# Student visa applying



## Yamini (Dec 16, 2013)

Hello Friends,

I have one confusion for student visa for applying in Australia. Actually i already completed IELTS exam in Sep 2013. And i got only 5.5 band(each module have over 5.0 bands).First i had planning to go Canada but due to low bands now i am planning to apply Australia. Now let me know is this possible or not?
And yes, which colleges and courses i will get admission?
My education of part, I had completed B.E. in I.T. from Gujarat with first class in 2010. And now i am doing job in Surat.
Pls let me know is this possible or not?
And pls provide whole information related to this..
pls ASAP.


Thank you.


----------



## connaust (Jul 23, 2009)

You can apply for any college of university you want to.
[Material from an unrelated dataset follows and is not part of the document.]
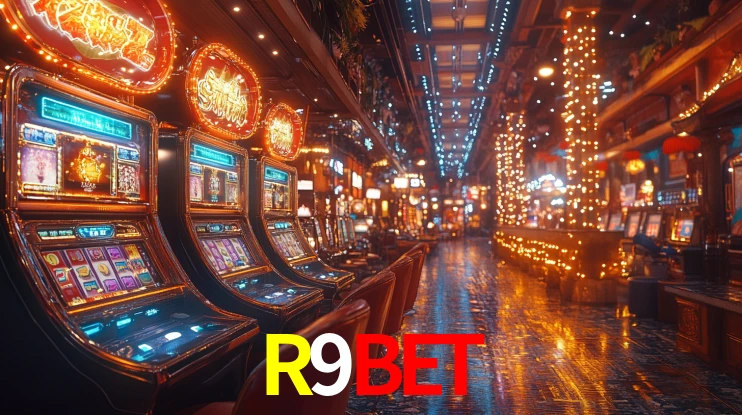 R9BET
If you receive offer, your visa processing, whether conventional or SVP via university still requires that you are a Genuine Student, Genuine Temporary Entrant and have funds for both study and living costs.

You need to be clearer and more exact on what are your objectives?


----------



## SARAH.F (Jul 18, 2014)

Hello Yamini

I know your last post was from Dec 2013 so I hope this is still helpful. I just wanted to address and suggests some alternative English tests to apply for a student visa IN Australia. 

I gained this information directly from the Department of Immigration website.

From November 2014 the department will accept TOEFL iBT and the Pearson Test (PTE Academic) across Temporary Graduate, Skilled, Former Resident and Work and Holiday visa programmes. 

These are alternatives to IELTS & Occupational English Test. 

Student Visa applicants can continue to provide scores from IELTS, OET, TOEFL iBT, PTE Academic or Cambridge English: Advanced (CAE).

As I said...........I hope this is helpful & best of luck!!! 

CHEERS SARAH.F


----------